Second, the Hong Kong government announced that it will reduce the stock stamp duty rate from 0.13% for each buyer and seller to 0.1% of the transaction amount. This measure will be officially implemented on November 1, 2023.

Furthermore, the Hong Kong Stock Exchange's interconnection mechanism is constantly being upgraded and optimized. They have increased the connectivity time of up to 10 trading days, added more than 1,000 underlying stocks to the Shanghai and Shenzhen Stock Connect, and included foreign companies in the Hong Kong Stock Connect. In addition, they have also introduced swaps and HKD/RMB dual counter models.

Finally, HKEx reached cooperation agreements with various exchanges, including the Beijing Stock Exchange, Indonesia Stock Exchange, and Saudi Stock Exchange Group. They signed a memorandum of cooperation to explore mutual listing and joint product development to strengthen ties with mainland China, Southeast Asia and other countries and seize development opportunities. Indonesia Stock Exchange and Saudi Stock Exchange have also been included in the HKEx's list of accredited stock exchanges, and their listed companies can apply for a secondary listing in Hong Kong.

How to invest in the Hong Kong stock market in 2024?

According to several research reports, the Hong Kong stock market will rebound in 2024. Research reports all point out that the momentum for the subsequent rebound mainly comes from the following aspects.

The expected shift in the Federal Reserve's monetary policy: The Federal Reserve has made it clear that it will start cutting interest rates in 2024, which will help improve overseas liquidity, thereby boosting the valuation of Hong Kong stocks.

The domestic economic cycle is picking up: As the steady growth policy continues to gain strength, the Chinese economy is expected to pick up in 2024. This will help improve the fundamentals of Hong Kong stocks.

The valuation of Hong Kong stocks is at a historically low level: as of December 24, 2023, the Hang Seng Index PE valuation fell to the 1.75% fraction level since 2019, which is highly cost-effective.

In terms of sector allocation, several brokerage firms pointed out that individual stocks related to technology, offshore logic, and long-term dividends are worth paying attention to.

High-end technology: Focus on long-term structural opportunities brought about by industrial upgrading under technological innovation, such as semiconductor industry chains, software and services, consumer electronics, and innovative pharmaceutical-related sectors.

Overseas logic: Focus on mid-tier manufacturing with complex industrial chains, certain technological content but not core technology, and some consumer goods with certain product and brand strength advantages.

Long-term dividend capacity: In an uncertain growth and policy environment, high-dividend sectors provide deterministic returns with stable dividends, such as telecommunications, utilities, and energy.

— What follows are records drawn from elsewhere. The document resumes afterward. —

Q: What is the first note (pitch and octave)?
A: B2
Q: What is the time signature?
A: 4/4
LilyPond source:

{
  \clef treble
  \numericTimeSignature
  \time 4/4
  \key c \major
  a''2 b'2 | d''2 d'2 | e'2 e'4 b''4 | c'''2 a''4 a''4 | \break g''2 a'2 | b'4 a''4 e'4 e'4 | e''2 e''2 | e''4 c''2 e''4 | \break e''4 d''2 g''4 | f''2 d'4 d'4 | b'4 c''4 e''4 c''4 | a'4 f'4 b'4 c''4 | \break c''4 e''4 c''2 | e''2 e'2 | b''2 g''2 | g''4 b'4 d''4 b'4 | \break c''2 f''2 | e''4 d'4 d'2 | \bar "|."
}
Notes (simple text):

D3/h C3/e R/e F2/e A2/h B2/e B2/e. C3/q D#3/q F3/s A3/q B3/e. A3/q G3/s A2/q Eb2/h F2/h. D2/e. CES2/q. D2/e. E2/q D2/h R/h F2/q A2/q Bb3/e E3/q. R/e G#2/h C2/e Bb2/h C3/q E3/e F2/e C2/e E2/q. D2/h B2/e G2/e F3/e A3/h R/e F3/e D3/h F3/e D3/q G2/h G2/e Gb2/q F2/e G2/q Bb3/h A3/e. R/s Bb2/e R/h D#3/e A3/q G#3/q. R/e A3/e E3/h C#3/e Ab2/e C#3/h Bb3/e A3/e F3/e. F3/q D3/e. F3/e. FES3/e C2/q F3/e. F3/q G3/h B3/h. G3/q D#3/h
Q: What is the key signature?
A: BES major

In the short term, until further obvious policy inflection points are seen, central state-owned enterprises with stable dividend capacity and higher dividend potential can effectively hedge against market fluctuations and exchange rate depreciation, thus acting as a relatively stable defensive strategy.

Although most institutions are optimistic about the steady journey of the Hong Kong stock market in 2024, investors still need to pay attention to the impact that factors such as geopolitical risks and Sino-US relations may have on the market.

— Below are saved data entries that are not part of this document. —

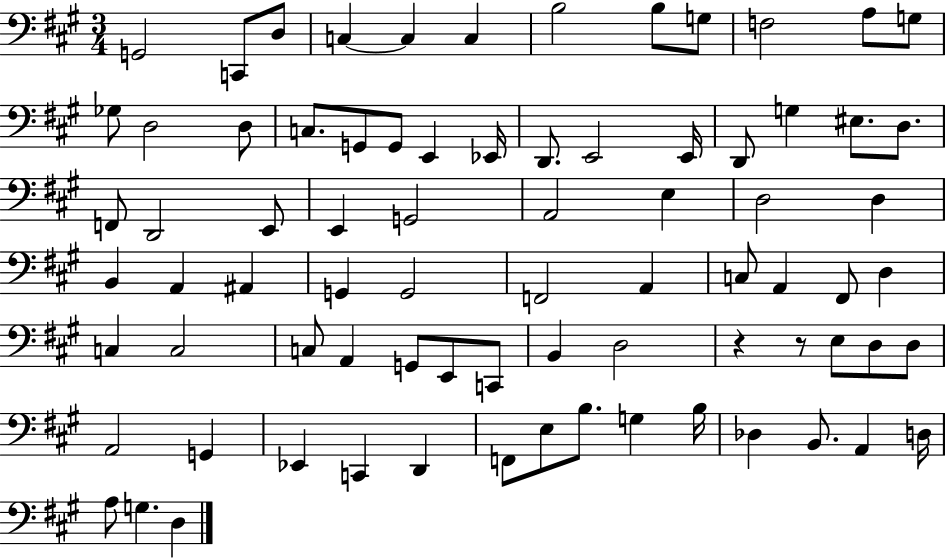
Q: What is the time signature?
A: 3/4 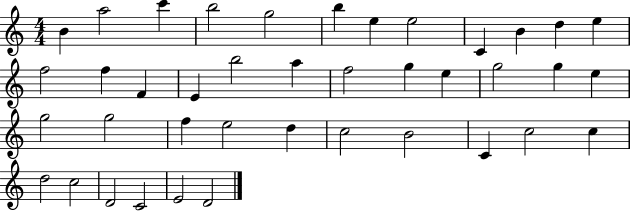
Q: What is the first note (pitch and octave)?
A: B4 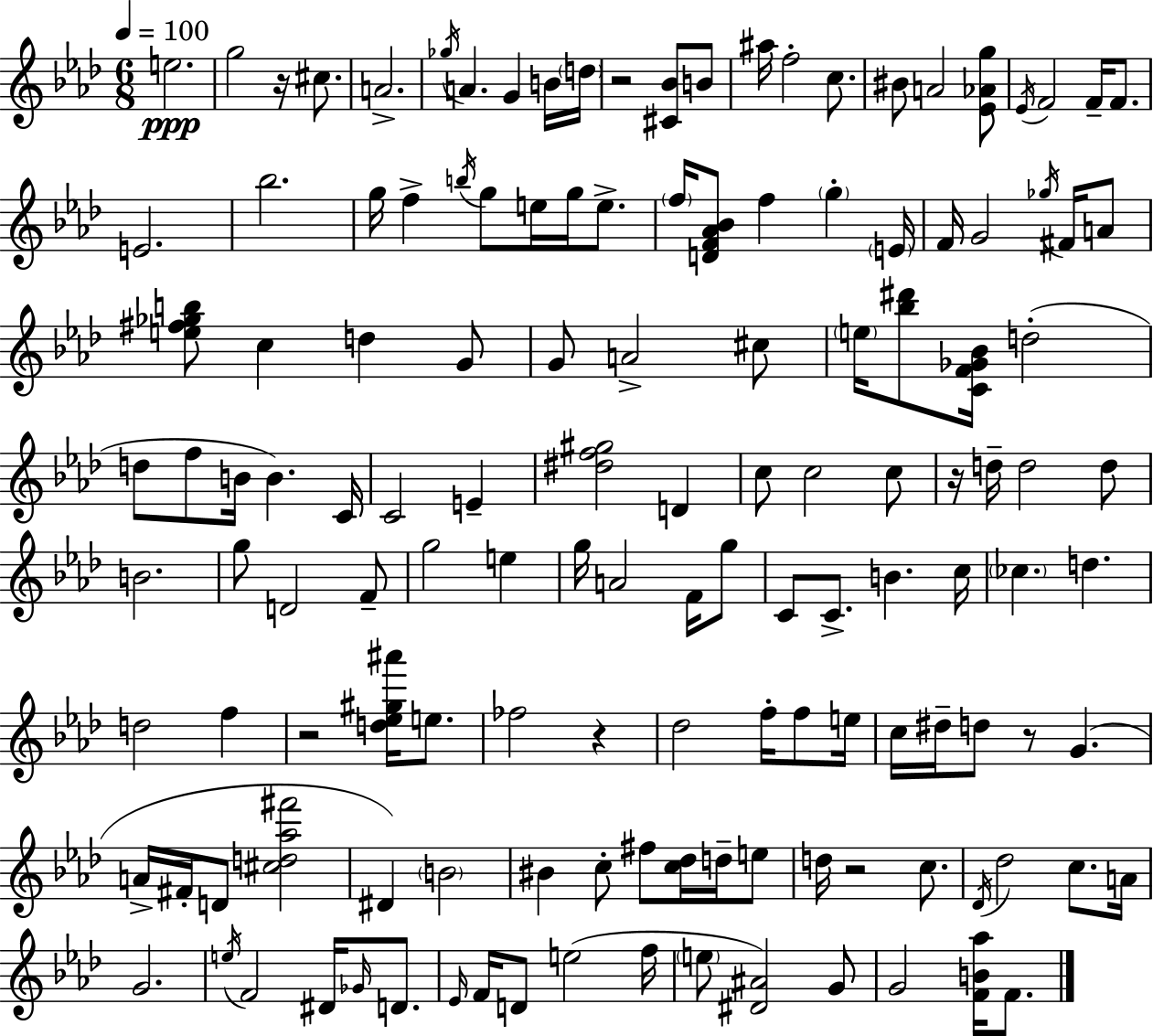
{
  \clef treble
  \numericTimeSignature
  \time 6/8
  \key f \minor
  \tempo 4 = 100
  \repeat volta 2 { e''2.\ppp | g''2 r16 cis''8. | a'2.-> | \acciaccatura { ges''16 } a'4. g'4 b'16 | \break \parenthesize d''16 r2 <cis' bes'>8 b'8 | ais''16 f''2-. c''8. | bis'8 a'2 <ees' aes' g''>8 | \acciaccatura { ees'16 } f'2 f'16-- f'8. | \break e'2. | bes''2. | g''16 f''4-> \acciaccatura { b''16 } g''8 e''16 g''16 | e''8.-> \parenthesize f''16 <d' f' aes' bes'>8 f''4 \parenthesize g''4-. | \break \parenthesize e'16 f'16 g'2 | \acciaccatura { ges''16 } fis'16 a'8 <e'' fis'' ges'' b''>8 c''4 d''4 | g'8 g'8 a'2-> | cis''8 \parenthesize e''16 <bes'' dis'''>8 <c' f' ges' bes'>16 d''2-.( | \break d''8 f''8 b'16 b'4.) | c'16 c'2 | e'4-- <dis'' f'' gis''>2 | d'4 c''8 c''2 | \break c''8 r16 d''16-- d''2 | d''8 b'2. | g''8 d'2 | f'8-- g''2 | \break e''4 g''16 a'2 | f'16 g''8 c'8 c'8.-> b'4. | c''16 \parenthesize ces''4. d''4. | d''2 | \break f''4 r2 | <d'' ees'' gis'' ais'''>16 e''8. fes''2 | r4 des''2 | f''16-. f''8 e''16 c''16 dis''16-- d''8 r8 g'4.( | \break a'16-> fis'16-. d'8 <cis'' d'' aes'' fis'''>2 | dis'4) \parenthesize b'2 | bis'4 c''8-. fis''8 | <c'' des''>16 d''16-- e''8 d''16 r2 | \break c''8. \acciaccatura { des'16 } des''2 | c''8. a'16 g'2. | \acciaccatura { e''16 } f'2 | dis'16 \grace { ges'16 } d'8. \grace { ees'16 } f'16 d'8 e''2( | \break f''16 \parenthesize e''8 <dis' ais'>2) | g'8 g'2 | <f' b' aes''>16 f'8. } \bar "|."
}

CCB International pointed out that as the risk of a recession in the US economy will further increase, cyclically sensitive risk assets will bear downward pressure. As the US election window approaches, geopolitical risks are likely to heat up in the second half of the year.

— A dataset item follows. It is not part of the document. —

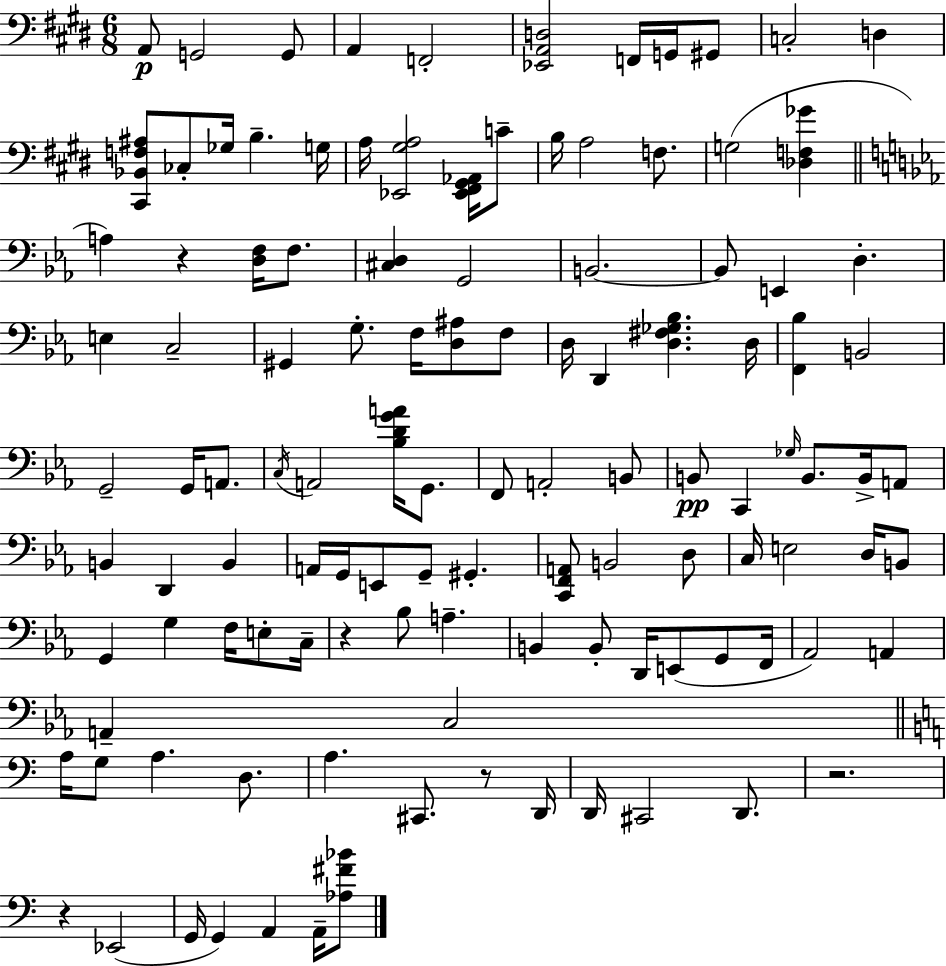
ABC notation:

CICC also pointed out that the future direction of Sino-US relations is an important factor affecting investors' risk appetite. Although there have been some signs of easing recently, investors still need to pay close attention to the official statements of the two sides and related policy documents, as well as the possible impact on foreign capital flows.

Editor/Jeffrey

The translation is provided by third-party software.